Maybe what I want is for her to sit very still and be very quiet. To do nothing and say nothing.

Maybe what I want is for her to go away.

To go away so I can be by myself and do whatever I like, instead of playing this game again or telling this story again or folding this laundry for the fifth time.


Ouch. It hurts to see it written down like that. How much more must it hurt her to feel it? I can say to her "I love you. I like being your mama. I like playing with you." But how does she know if that's true? How would I know if I was her? I have to show her, constantly, with my actions and the way I treat her. I have to show her empathy and understanding. She is only two years old.

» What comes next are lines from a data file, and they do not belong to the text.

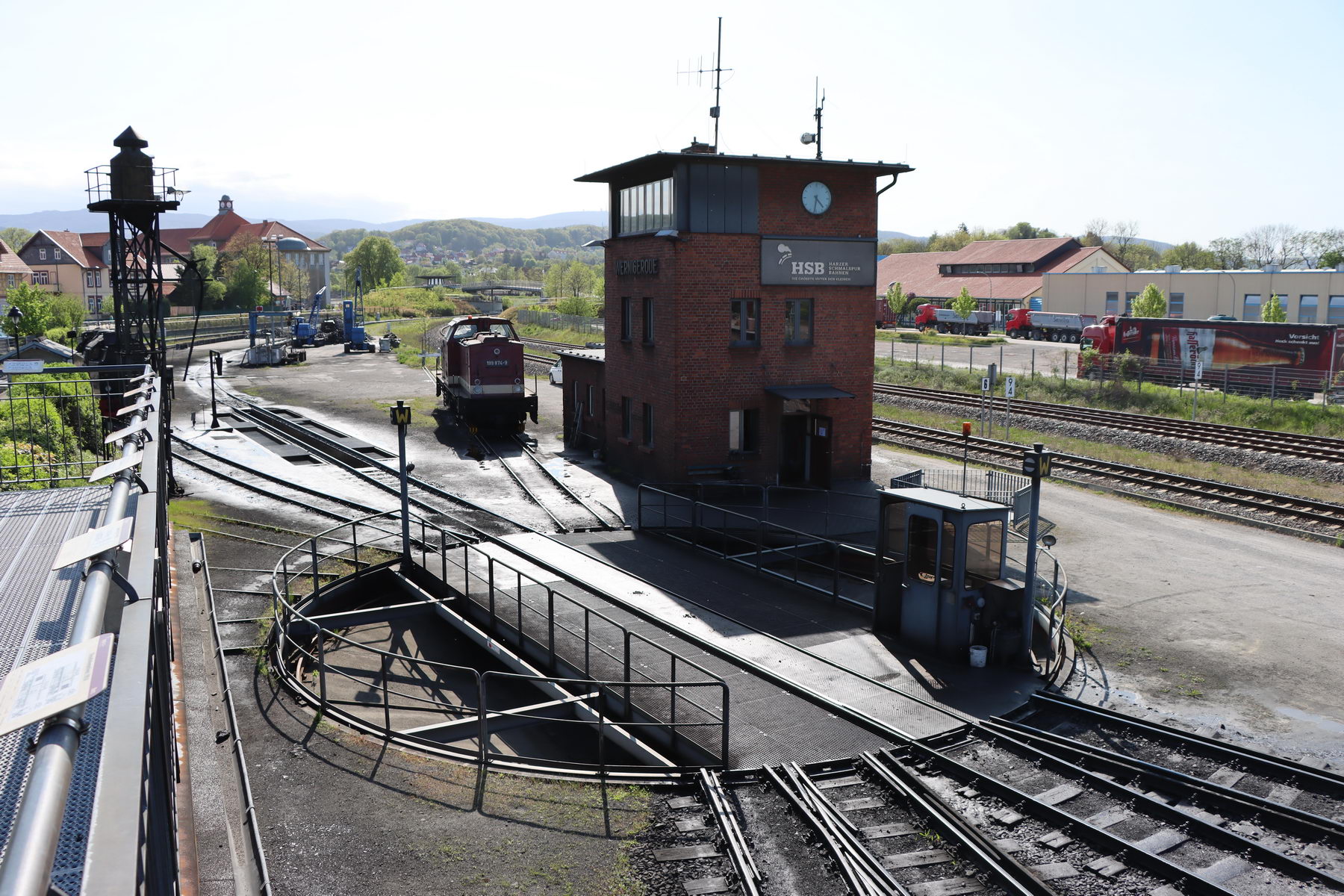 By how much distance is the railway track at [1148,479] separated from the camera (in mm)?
24000

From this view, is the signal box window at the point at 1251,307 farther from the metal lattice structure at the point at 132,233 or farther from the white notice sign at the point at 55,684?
the white notice sign at the point at 55,684

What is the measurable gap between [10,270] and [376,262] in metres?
64.6

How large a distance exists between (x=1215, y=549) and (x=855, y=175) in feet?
41.7

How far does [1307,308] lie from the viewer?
201 ft

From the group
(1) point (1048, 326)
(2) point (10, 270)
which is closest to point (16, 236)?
(2) point (10, 270)

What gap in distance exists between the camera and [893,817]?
9805mm

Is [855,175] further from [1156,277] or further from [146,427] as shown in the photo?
[1156,277]

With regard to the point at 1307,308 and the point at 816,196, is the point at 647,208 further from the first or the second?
the point at 1307,308

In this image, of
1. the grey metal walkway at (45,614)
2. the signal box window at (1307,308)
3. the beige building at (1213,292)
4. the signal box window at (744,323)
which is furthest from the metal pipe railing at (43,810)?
the signal box window at (1307,308)

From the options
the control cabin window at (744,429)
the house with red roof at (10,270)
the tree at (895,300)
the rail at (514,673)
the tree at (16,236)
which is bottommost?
the rail at (514,673)

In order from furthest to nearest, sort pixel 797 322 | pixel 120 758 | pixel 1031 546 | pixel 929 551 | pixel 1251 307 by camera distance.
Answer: pixel 1251 307
pixel 797 322
pixel 929 551
pixel 1031 546
pixel 120 758

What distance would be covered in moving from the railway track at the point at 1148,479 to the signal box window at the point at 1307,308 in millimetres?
38187

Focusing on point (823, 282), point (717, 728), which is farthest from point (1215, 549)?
point (717, 728)

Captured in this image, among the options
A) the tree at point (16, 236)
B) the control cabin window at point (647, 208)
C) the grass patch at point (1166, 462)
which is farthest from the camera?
the tree at point (16, 236) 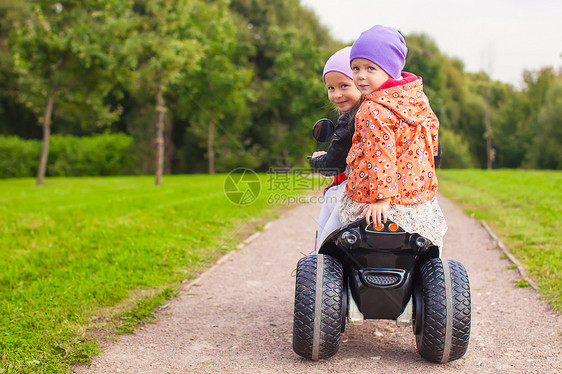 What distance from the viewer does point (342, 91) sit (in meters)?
3.34

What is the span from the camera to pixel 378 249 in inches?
119

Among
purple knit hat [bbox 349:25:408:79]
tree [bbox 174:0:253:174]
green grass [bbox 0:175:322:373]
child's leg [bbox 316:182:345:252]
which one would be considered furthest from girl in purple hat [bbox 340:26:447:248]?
tree [bbox 174:0:253:174]

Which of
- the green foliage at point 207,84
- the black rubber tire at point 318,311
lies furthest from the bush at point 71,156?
the black rubber tire at point 318,311

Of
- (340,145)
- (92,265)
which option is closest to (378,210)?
(340,145)

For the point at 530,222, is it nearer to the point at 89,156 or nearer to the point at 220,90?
the point at 220,90

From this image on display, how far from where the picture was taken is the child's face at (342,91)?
10.9ft

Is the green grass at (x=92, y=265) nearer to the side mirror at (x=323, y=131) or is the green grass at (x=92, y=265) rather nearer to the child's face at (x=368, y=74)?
the side mirror at (x=323, y=131)

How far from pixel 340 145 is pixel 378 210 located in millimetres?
566

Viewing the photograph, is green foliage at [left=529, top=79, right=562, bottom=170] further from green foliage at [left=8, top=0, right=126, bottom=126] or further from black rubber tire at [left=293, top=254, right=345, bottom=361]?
black rubber tire at [left=293, top=254, right=345, bottom=361]

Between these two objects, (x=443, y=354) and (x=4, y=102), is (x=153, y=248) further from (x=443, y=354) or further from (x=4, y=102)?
(x=4, y=102)

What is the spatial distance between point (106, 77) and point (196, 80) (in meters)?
9.69

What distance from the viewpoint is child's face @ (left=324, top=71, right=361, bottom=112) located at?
131 inches

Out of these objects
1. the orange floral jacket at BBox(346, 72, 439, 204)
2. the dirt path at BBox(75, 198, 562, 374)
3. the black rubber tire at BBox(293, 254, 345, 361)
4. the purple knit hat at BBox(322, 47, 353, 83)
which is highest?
the purple knit hat at BBox(322, 47, 353, 83)

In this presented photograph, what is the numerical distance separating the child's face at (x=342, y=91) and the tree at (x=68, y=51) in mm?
17366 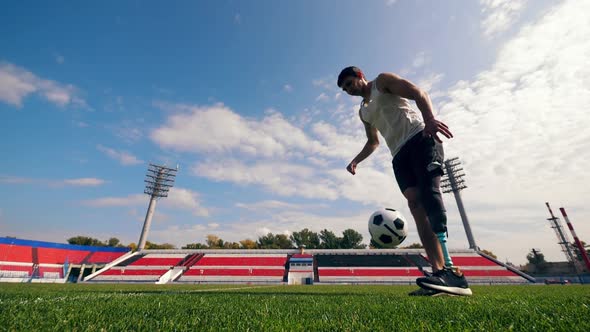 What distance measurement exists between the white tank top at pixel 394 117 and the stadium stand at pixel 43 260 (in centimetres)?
4246

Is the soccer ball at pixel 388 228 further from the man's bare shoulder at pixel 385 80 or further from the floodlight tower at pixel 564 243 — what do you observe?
the floodlight tower at pixel 564 243

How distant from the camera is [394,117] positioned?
327 cm

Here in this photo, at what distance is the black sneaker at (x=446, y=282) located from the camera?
2.48 meters

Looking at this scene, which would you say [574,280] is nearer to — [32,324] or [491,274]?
[491,274]

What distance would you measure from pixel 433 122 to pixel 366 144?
5.16ft

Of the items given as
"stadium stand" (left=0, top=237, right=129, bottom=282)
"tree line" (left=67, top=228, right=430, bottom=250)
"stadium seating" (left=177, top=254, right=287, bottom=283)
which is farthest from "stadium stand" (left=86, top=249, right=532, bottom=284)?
"tree line" (left=67, top=228, right=430, bottom=250)

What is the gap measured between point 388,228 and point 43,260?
45101 mm

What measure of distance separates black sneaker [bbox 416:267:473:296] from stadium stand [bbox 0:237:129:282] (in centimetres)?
4258

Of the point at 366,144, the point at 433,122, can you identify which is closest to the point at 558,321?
the point at 433,122

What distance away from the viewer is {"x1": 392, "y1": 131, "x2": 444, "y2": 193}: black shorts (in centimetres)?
280

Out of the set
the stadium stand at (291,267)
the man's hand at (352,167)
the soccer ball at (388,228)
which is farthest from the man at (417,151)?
the stadium stand at (291,267)

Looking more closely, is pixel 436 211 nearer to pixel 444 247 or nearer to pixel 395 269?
pixel 444 247

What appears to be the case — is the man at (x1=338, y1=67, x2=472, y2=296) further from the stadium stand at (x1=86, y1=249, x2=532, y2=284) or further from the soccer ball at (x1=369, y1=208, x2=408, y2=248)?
the stadium stand at (x1=86, y1=249, x2=532, y2=284)

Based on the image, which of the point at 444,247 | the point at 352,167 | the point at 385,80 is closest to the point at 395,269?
the point at 352,167
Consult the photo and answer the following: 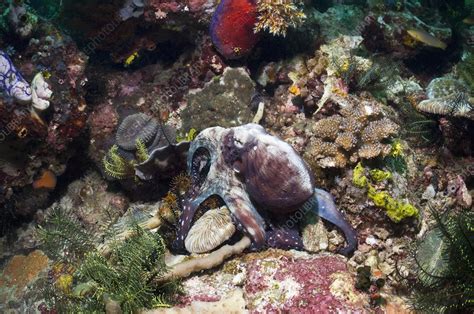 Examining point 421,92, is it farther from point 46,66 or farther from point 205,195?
point 46,66

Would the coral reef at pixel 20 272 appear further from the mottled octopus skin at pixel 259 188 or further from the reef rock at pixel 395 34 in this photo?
the reef rock at pixel 395 34

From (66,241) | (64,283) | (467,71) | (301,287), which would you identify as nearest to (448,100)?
(467,71)

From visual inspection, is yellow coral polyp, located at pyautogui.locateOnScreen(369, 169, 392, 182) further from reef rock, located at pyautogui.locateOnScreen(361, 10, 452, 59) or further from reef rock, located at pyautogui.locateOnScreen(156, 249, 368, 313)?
reef rock, located at pyautogui.locateOnScreen(361, 10, 452, 59)

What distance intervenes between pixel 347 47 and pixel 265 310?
5331 mm

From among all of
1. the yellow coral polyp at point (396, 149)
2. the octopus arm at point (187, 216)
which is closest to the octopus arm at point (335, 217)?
the yellow coral polyp at point (396, 149)

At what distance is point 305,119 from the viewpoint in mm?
6137

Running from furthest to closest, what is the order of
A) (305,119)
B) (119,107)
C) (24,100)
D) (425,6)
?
(425,6) → (119,107) → (305,119) → (24,100)

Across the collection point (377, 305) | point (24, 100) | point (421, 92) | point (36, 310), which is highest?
point (24, 100)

She is only two years old. If she cries, there is a reason. Slapping the word "tantrum" on it only makes it easy for me to ignore it and pretend that there are no real feelings happening. If she shouts, maybe that's because I'm not listening when she tries to talk to me at a more reasonable volume. If she interrupts me maybe it's because if she didn't I would spend all day doing my own things instead of putting everything aside so I can play for half an hour. If she spills or makes a mess I know - I KNOW - that she doesn't mean it and feels bad enough about it without me saying "See? I TOLD you to be more careful." She is learning. Part of that involves making mistakes. That's what it's all about, that moment right there. That's where I make my choice about what kind of parent I want to be, how I want her to look back and remember her childhood with me, how she grows up viewing her own mistakes and the confidence with which she attempts new things.



I try, every day, to see things from where she's coming from. I pretend that she's my friend, I think about how I would react and what I would say if I saw my friend upset. If my friend was trying to tell me something important to them. If my friend came round to spend the day with me I wouldn't spend hours in another room doing housework. I wouldn't shout at them for spilling a cup of water.

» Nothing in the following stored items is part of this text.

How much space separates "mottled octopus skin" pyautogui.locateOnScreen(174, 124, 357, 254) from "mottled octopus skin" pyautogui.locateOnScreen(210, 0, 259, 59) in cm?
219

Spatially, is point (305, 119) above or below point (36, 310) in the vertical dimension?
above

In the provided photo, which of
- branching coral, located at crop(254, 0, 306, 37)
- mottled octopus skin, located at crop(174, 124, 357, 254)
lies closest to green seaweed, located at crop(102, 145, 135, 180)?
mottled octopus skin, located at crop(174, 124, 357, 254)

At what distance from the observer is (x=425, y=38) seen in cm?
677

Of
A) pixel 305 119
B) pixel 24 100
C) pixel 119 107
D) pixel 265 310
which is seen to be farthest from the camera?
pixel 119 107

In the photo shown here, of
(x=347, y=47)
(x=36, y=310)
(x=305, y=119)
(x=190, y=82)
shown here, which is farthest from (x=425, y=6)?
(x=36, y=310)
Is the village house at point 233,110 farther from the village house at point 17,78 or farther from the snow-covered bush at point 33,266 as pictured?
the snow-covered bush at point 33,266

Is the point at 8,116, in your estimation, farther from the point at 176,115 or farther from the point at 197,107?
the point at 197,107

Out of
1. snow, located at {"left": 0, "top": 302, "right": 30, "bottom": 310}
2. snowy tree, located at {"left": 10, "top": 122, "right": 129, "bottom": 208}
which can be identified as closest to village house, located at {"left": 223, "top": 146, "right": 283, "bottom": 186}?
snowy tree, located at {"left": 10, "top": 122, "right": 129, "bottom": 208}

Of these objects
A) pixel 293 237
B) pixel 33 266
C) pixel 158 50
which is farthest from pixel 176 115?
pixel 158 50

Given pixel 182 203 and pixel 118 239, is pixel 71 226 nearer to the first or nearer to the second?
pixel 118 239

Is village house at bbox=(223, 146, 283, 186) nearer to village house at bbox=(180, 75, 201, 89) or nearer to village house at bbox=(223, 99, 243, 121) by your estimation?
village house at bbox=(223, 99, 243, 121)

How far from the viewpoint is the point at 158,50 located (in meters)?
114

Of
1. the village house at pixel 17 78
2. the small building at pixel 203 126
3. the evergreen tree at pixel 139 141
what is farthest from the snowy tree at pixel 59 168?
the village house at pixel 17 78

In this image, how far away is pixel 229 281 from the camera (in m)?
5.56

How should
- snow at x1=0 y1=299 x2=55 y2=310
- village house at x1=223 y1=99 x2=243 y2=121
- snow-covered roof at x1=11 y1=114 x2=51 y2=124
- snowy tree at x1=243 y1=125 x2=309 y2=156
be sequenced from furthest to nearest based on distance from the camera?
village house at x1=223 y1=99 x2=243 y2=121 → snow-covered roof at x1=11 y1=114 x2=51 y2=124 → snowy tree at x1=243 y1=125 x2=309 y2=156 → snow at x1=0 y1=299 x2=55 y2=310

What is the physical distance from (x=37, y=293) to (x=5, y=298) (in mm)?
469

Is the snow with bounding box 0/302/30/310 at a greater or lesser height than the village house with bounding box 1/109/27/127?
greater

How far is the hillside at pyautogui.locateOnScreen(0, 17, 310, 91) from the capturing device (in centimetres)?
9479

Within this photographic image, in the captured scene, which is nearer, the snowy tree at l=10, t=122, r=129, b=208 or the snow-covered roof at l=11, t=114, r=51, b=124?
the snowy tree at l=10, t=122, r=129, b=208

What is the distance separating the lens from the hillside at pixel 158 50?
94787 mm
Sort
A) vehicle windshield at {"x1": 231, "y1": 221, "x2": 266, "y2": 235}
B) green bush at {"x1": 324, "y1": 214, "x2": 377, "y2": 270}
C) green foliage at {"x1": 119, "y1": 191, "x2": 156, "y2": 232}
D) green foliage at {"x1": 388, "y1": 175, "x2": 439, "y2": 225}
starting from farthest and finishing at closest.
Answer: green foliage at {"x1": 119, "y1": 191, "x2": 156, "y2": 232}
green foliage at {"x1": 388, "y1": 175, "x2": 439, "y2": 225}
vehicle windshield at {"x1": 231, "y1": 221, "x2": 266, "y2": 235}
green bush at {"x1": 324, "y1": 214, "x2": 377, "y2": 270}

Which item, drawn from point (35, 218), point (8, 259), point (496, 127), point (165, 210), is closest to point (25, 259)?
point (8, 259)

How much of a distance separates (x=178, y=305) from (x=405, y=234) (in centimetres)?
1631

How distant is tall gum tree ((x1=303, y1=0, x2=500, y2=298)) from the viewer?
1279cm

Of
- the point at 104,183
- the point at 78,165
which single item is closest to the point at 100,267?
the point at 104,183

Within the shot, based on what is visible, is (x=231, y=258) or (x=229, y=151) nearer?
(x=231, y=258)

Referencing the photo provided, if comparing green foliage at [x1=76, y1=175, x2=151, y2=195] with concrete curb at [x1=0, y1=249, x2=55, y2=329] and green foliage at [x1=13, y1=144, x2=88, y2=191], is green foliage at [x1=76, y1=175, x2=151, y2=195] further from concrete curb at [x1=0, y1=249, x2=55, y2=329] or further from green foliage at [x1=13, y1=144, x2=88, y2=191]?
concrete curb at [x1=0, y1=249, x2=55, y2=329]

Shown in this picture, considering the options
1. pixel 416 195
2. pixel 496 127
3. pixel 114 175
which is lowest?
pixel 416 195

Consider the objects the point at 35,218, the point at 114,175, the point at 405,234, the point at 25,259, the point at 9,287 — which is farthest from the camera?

You know what? It makes a big difference when I remember these things. It feels a lot more like we're on the same team. I show her that I understand by repeating back what has happened and how she feels about it, and I ask her what I could do to help her feel better. I ask her how she's feeling often, whether she seems happy or sad. I verbalise my own feelings, without worrying that she is too young to understand. Of course she understands - they are just feelings, and she has them too. Talking about them normalises them, makes them less scary and more manageable. It plants the seeds of empathy.

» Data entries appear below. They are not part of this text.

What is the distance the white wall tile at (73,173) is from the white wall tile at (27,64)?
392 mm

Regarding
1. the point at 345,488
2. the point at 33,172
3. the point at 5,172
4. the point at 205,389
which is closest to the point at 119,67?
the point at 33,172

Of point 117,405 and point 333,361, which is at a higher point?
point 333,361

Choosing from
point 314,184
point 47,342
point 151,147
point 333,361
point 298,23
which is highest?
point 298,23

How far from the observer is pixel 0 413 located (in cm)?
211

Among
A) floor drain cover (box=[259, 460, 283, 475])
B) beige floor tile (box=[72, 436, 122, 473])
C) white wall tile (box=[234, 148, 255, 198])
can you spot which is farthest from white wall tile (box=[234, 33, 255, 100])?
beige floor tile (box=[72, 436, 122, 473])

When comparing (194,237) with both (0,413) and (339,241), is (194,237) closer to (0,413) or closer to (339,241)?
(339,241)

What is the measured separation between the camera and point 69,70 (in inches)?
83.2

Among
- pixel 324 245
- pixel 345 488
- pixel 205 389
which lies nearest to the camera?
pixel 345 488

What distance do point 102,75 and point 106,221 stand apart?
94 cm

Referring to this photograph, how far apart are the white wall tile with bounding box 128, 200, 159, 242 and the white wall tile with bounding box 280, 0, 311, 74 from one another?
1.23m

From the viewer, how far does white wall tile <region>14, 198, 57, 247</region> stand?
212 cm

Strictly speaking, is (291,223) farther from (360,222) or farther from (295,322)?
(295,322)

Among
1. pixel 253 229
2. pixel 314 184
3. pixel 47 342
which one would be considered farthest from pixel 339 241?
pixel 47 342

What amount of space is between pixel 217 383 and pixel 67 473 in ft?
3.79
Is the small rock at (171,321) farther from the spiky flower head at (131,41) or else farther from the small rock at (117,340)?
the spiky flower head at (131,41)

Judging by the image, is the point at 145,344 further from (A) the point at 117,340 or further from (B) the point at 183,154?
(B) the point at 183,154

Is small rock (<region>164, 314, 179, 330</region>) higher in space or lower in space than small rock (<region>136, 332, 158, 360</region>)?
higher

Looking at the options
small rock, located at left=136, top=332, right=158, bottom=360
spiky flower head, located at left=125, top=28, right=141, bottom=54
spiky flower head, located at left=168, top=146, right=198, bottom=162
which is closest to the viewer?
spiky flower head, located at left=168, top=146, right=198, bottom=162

Then - and this is the magic part - I gradually notice that she is starting to do it too.

She notices when I'm sad and asks how she can help.

She tells me with her words when she's feeling upset. When I tell her how I am feeling she says "well done for using your words, mama".

When she's feeling something complicated or strong, she comes to me and asks me to "talk about it".

When other people (or animals) feel bad, she feels empathy.

When I really do need time to do my own thing, she listens and tries her best to respect that. The other night when she woke up, my back was aching. I said "Please just go to sleep, Audrey. My back hurts too much to cope with this." She lay down beside me and stroked my hair very gently. She said "don't worry, mama." We fell asleep together.




When I nurture instead of discipline, when I let her lead the way and be her own person without worrying about "moulding" her into something else, when I prioritise our relationship and being kind and respectful to her as she is right now, great things happen. And I'm a lot more able to notice them and celebrate them. We are both happier, we smile more, we trust each other. We don't assume that everything has a bad motivation. We accept that we are trying.


She is always trying her best, really. Just like we all are. I want to be kind to her, just like I try to be kind with myself. And she makes that so easy, so rewarding. "I really love you, mama."